■ WHAT TO PRODUCE ■
From the listing below, extract each entry exactly as written, minus the images.

■ RECORDS TO PROCESS ■
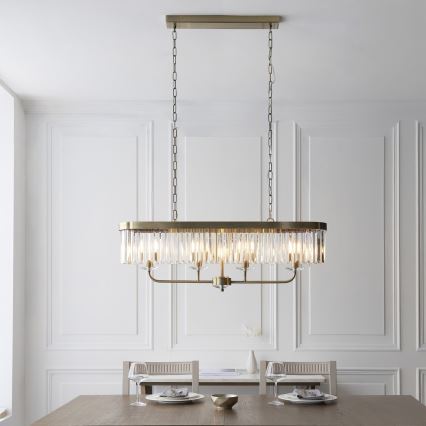 Endon 110539 - Kroonluchter aan ketting CHESTERFIELD 4xE14/6W/230V messing
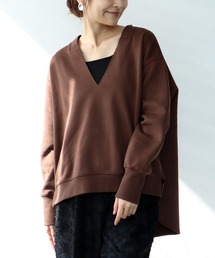 Jines（ジネス）の「裏毛Vネックプルオーバー（Tシャツ/カットソー）」
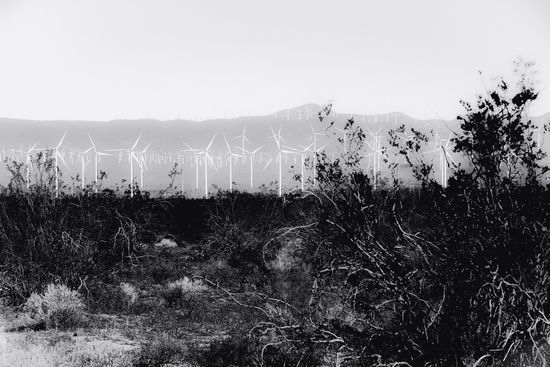 wind turbine with desert view in black and white by Timmy333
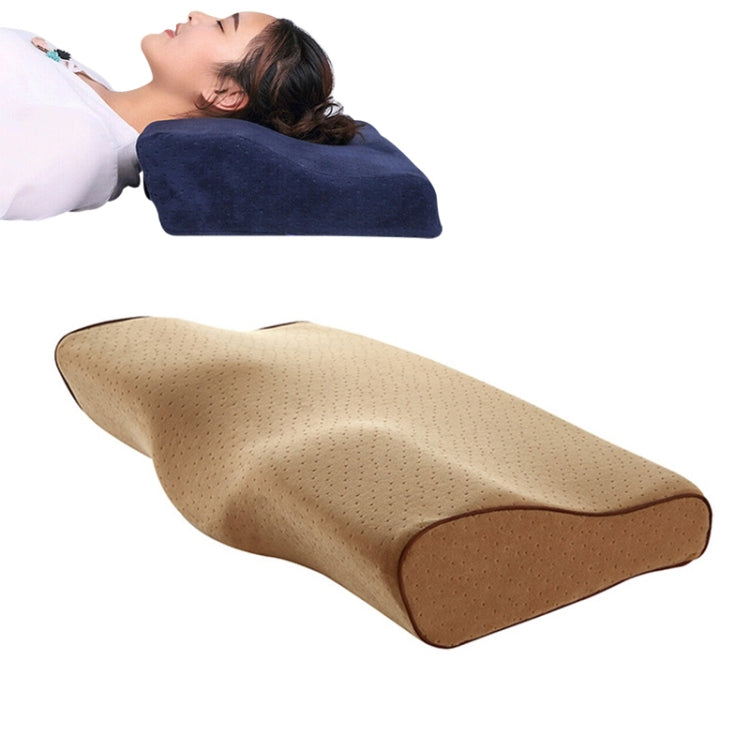 バタフライ形状メモリーフォームスノーケル枕 スローバウンス健康ケア頸椎枕、50x30x10x6cm、62x34x12x6cm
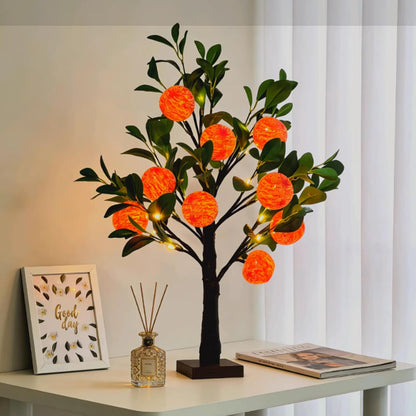 Artificial Lemon Tree Lights Decorative Table Lamps 3xAA Battery or USB Powered Fake Lemon Tree Lamp for Spring Summer Christmas Party Poolside Indoor Home Bedroom Office Decor(23.6Inch/60CM)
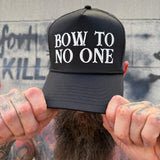 BOW TO NO ONE CURVED BILL BLACK HAT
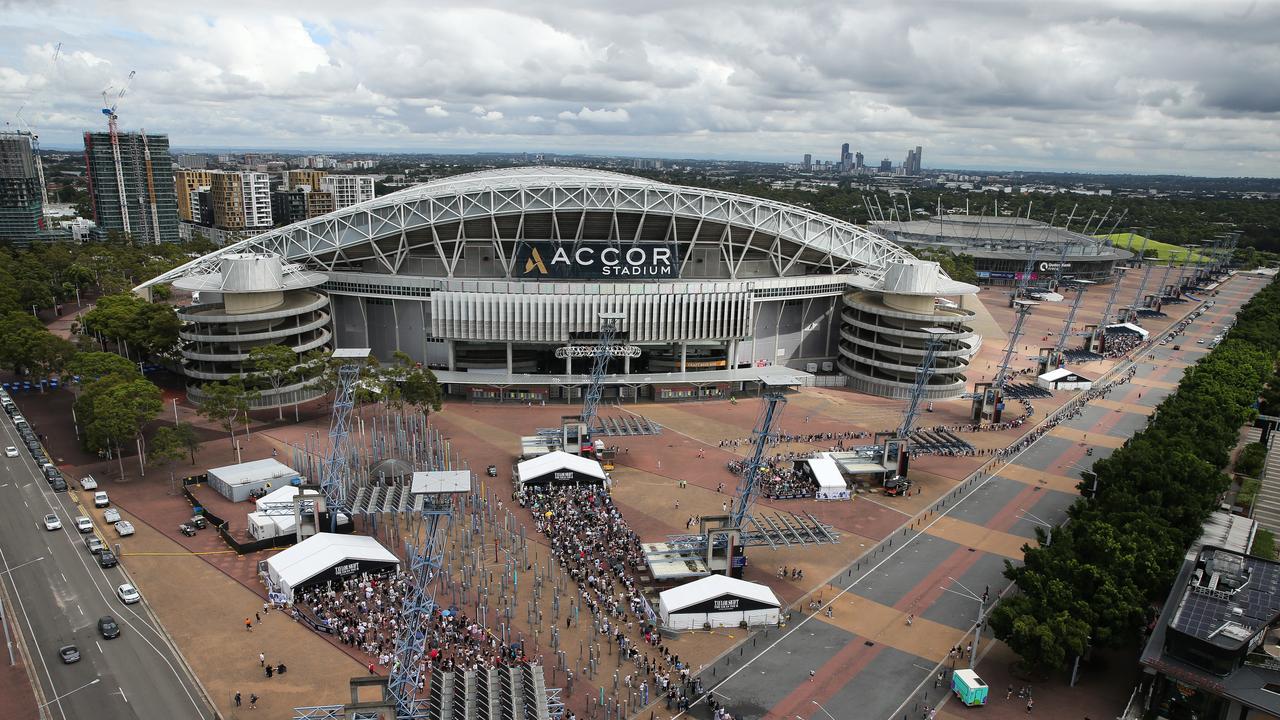 Taylor Swift fans are seen lining up for hours to get merchandise before the next concert, at the Homebush Stadium in Sydney. Picture: NCA NewsWire / Gaye Gerard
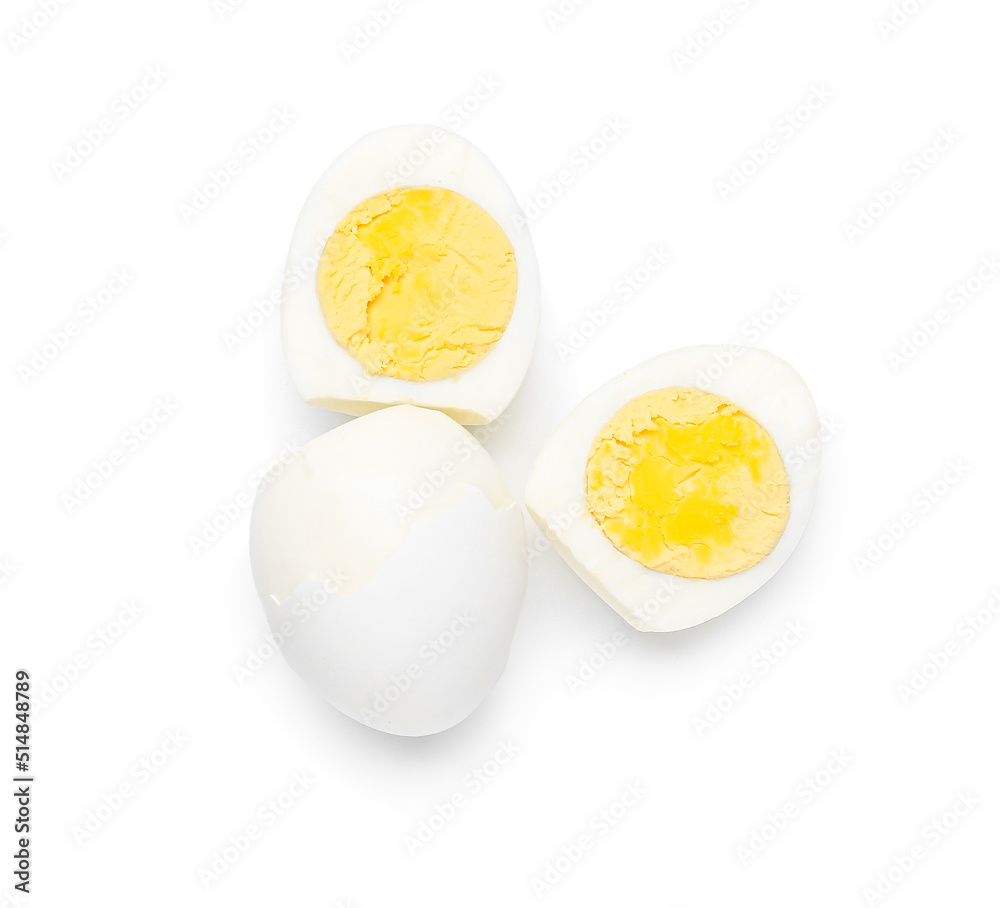 Tasty boiled eggs isolated on white background Tasty boiled eggs isolated on white background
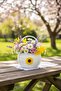 Samah Papatya Detailed Wicker Basket with Handles |   Round Decorative Basket - 2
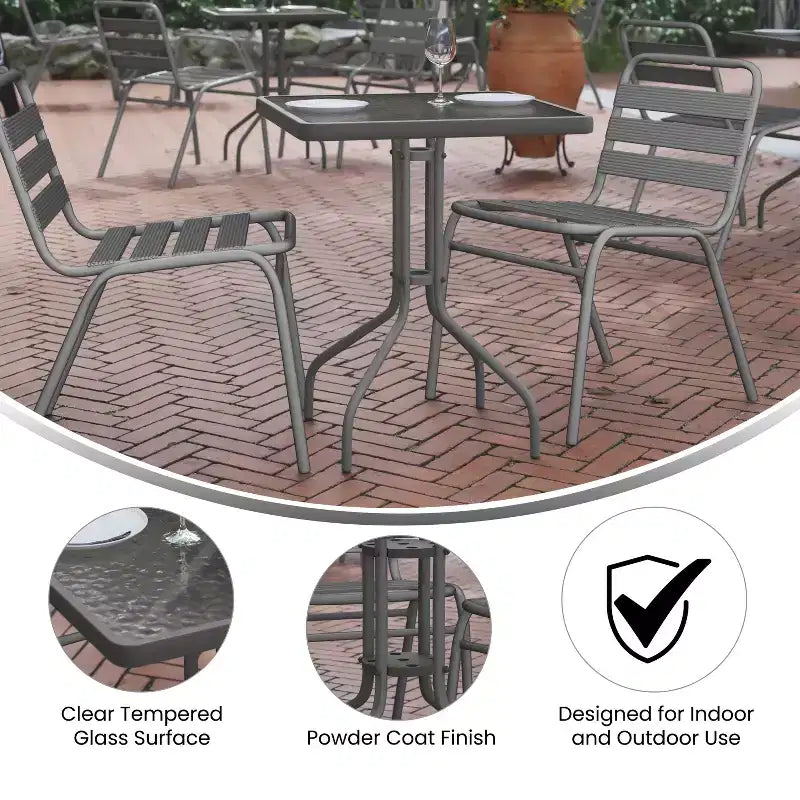 Emma and Oliver 23.5'' Square Glass Top Metal Table with 2 Aluminum Slat Stack Chairs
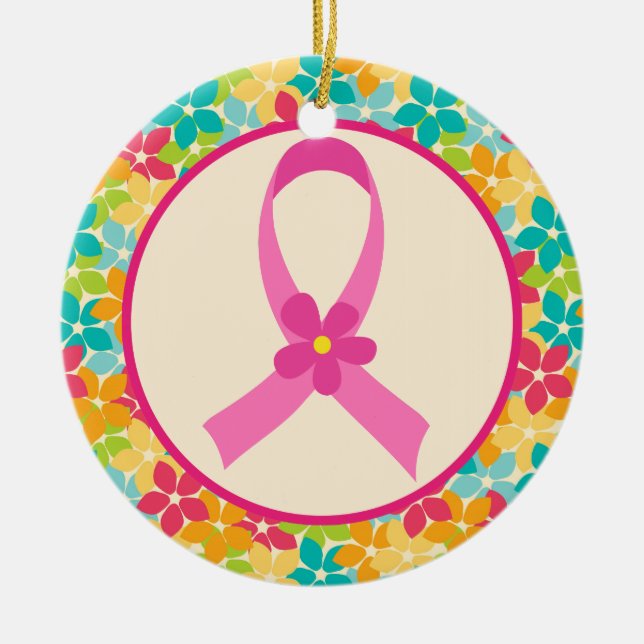 Breast Cancer Pink Ribbon Awareness gift Ceramic Ornament (Front)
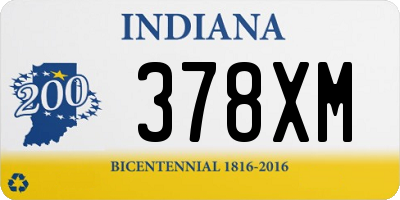 IN license plate 378XM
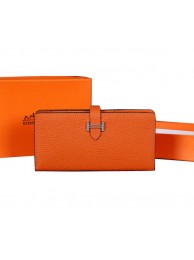 Imitation Hermes Bearn Japonaise Bi-Fold Wallet Original Leather A1018 Wheat Tl2184ye39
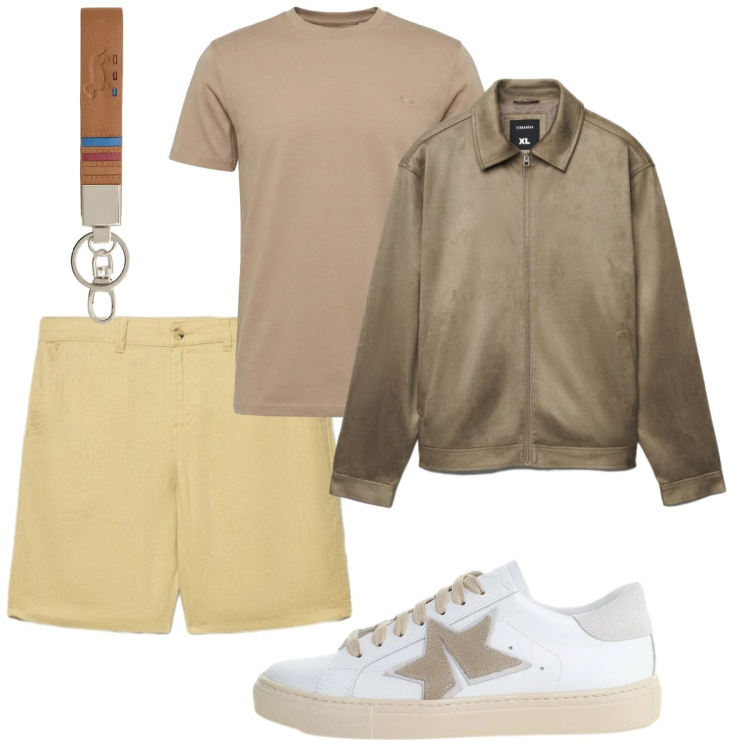 Outfit uomo - Total look #2423716. Stile Trendy per Tutti i giorni. Abbinamento con portachiavi, t-shirt, giacche, shorts, sneakers.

■ REPLY TO THE TASK ■
 Endon 110539 - Kroonluchter aan ketting CHESTERFIELD 4xE14/6W/230V messing
 Jines（ジネス）の「裏毛Vネックプルオーバー（Tシャツ/カットソー）」
 wind turbine with desert view in black and white by Timmy333
 バタフライ形状メモリーフォームスノーケル枕 スローバウンス健康ケア頸椎枕、50x30x10x6cm、62x34x12x6cm
 Artificial Lemon Tree Lights Decorative Table Lamps 3xAA Battery or USB Powered Fake Lemon Tree Lamp for Spring Summer Christmas Party Poolside Indoor Home Bedroom Office Decor(23.6Inch/60CM)
 BOW TO NO ONE CURVED BILL BLACK HAT
 Taylor Swift fans are seen lining up for hours to get merchandise before the next concert, at the Homebush Stadium in Sydney. Picture: NCA NewsWire / Gaye Gerard
 Tasty boiled eggs isolated on white background Tasty boiled eggs isolated on white background
 Samah Papatya Detailed Wicker Basket with Handles |   Round Decorative Basket - 2
 Emma and Oliver 23.5'' Square Glass Top Metal Table with 2 Aluminum Slat Stack Chairs
 Breast Cancer Pink Ribbon Awareness gift Ceramic Ornament (Front)
 IN license plate 378XM
 Imitation Hermes Bearn Japonaise Bi-Fold Wallet Original Leather A1018 Wheat Tl2184ye39
 Outfit uomo - Total look #2423716. Stile Trendy per Tutti i giorni. Abbinamento con portachiavi, t-shirt, giacche, shorts, sneakers.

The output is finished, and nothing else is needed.